Long hair is aids to maintain


----------



## VicMackey (Dec 29, 2021)

volcelfatcel said:


> Long hair is aids to maintain


Just be a disgusting dirty hair crackhead bro


----------



## Deleted member 15099 (Dec 29, 2021)

volcelfatcel said:


> Long hair is aids to maintain


This tbh


----------



## Deleted member 15099 (Dec 29, 2021)

VicMackey said:


> Just be a disgusting dirty hair crackhead bro
> View attachment 1466616


mogs you and me bro


----------



## VicMackey (Dec 29, 2021)

Ethereal said:


> mogs you and me bro


He's ltn in appeal tbh


----------



## volcelfatcel (Dec 29, 2021)

VicMackey said:


> Just be a disgusting dirty hair crackhead bro
> View attachment 1466616


My hair is way longer than his past my shoulders at this point
I’m fucking off to the barber next week it’s just way too long


----------



## VicMackey (Dec 29, 2021)

volcelfatcel said:


> My hair is way longer than his past my shoulders at this point
> I’m fucking off to the barber next week it’s just way too long


What haircut are you getting tbh


----------



## Deleted member 15099 (Dec 29, 2021)

VicMackey said:


> He's ltn in appeal tbh


Not really


----------



## volcelfatcel (Dec 29, 2021)

VicMackey said:


> What haircut are you getting tbh


Low fade quiff


----------



## VicMackey (Dec 29, 2021)

Ethereal said:


> Not really
> View attachment 1466620


With the teeth and collagen considered he's incel tier tbh. I was gonna vomit while watching this vid ngl


----------



## VicMackey (Dec 29, 2021)

volcelfatcel said:


> Low fade quiff


I think we bullied dev off this site btw.
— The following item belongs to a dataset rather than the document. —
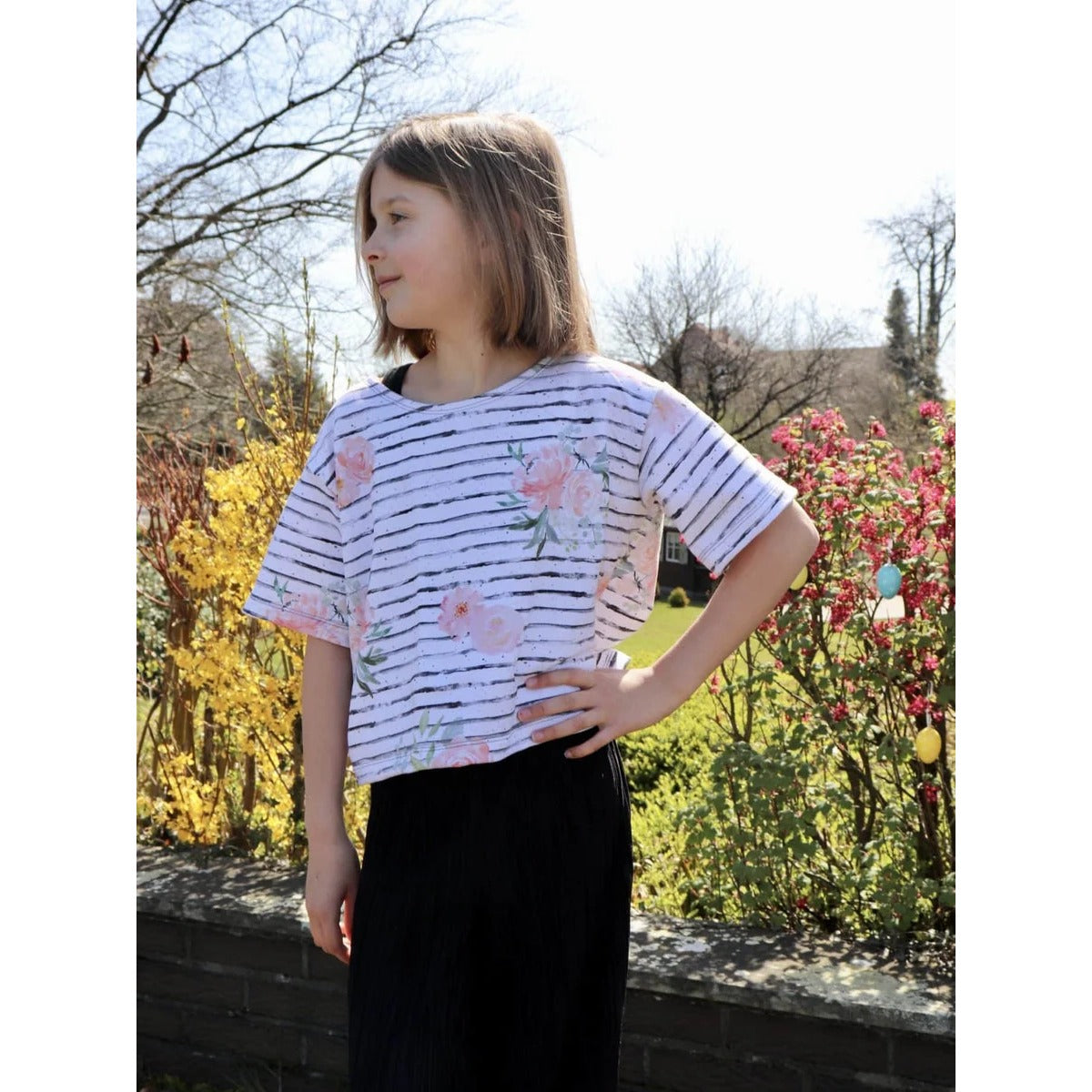 Oversized Pulli Schnittmuster Kinder – gestreiftes Shirt mit rosa Blütenprint und kurzen Ärmeln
Hes been offline for more than 24hours


----------



## Introvertednarc (Dec 29, 2021)

Not always true, med chads can effortlessly pull off long hair


----------



## Deleted member 16384 (Dec 29, 2021)




----------



## VicMackey (Dec 29, 2021)

A


DIONYSIAN JBSLAYER said:


> View attachment 1466635


All would look better with short hair


----------



## Deleted member 16384 (Dec 29, 2021)

VicMackey said:


> A
> 
> All would look better with short hair
> View attachment 1466637


Ngl l had long hair an year ago, it looked good. You stand out in the crowd. If you can carry the look, it's worth it.

The only reason I got haircut is, long hair needs maintenance


----------



## BrownBoy (Dec 29, 2021)

cope


----------



## VicMackey (Dec 29, 2021)

BrownBoy said:


> cope



Better quality video for the long hair. Short hair looks better


----------



## eduardkoopman (Dec 29, 2021)

General statements about hairstyles = cope.

good hairstyle options, depends on face shape and face features.


----------



## HQNPmaxxing (Dec 29, 2021)

you will look trans with long hair unless you have a dom face


----------



## Constantin Denis (Dec 29, 2021)

For me it ascended me at first. After it got longer than in this pic it started being a mega looksmin. it got so long it was almost reaching my ass


----------



## Blue (Dec 30, 2021)

Agreed, haircuts like Dellisola's are still king, given that you can pull it off.

People here have this stupid warrior fantasy where they think that having long hair makes you look Conan the Barbarian-style hypermasculine when in reality most people just end up looking even more soy and effeminate with it lol.


----------



## slavmaxxer (Dec 30, 2021)

You have to have very masculine face to not look like a woman with long hair.


----------



## 5ft1 (Mar 15, 2022)

Depends on what you mean by long hair tbh but actual long hair yeah







Medium hair looks infinitely better than short hair. Jfl at getting hair cut by clippers tbh


----------



## TUSSELEIF (Mar 15, 2022)

Not when you have a subhuman wide face big neurocranium skull like me. I need medium long hair just to look passable human


----------



## Chinlet Ascension (Mar 15, 2022)

>"Long hair is a looksmin" 
>Posts a bunch of guys who look good with long hair

It's the opposite. You need a great-looking face to look good with a buzz cut.


----------



## valhalar (Mar 16, 2022)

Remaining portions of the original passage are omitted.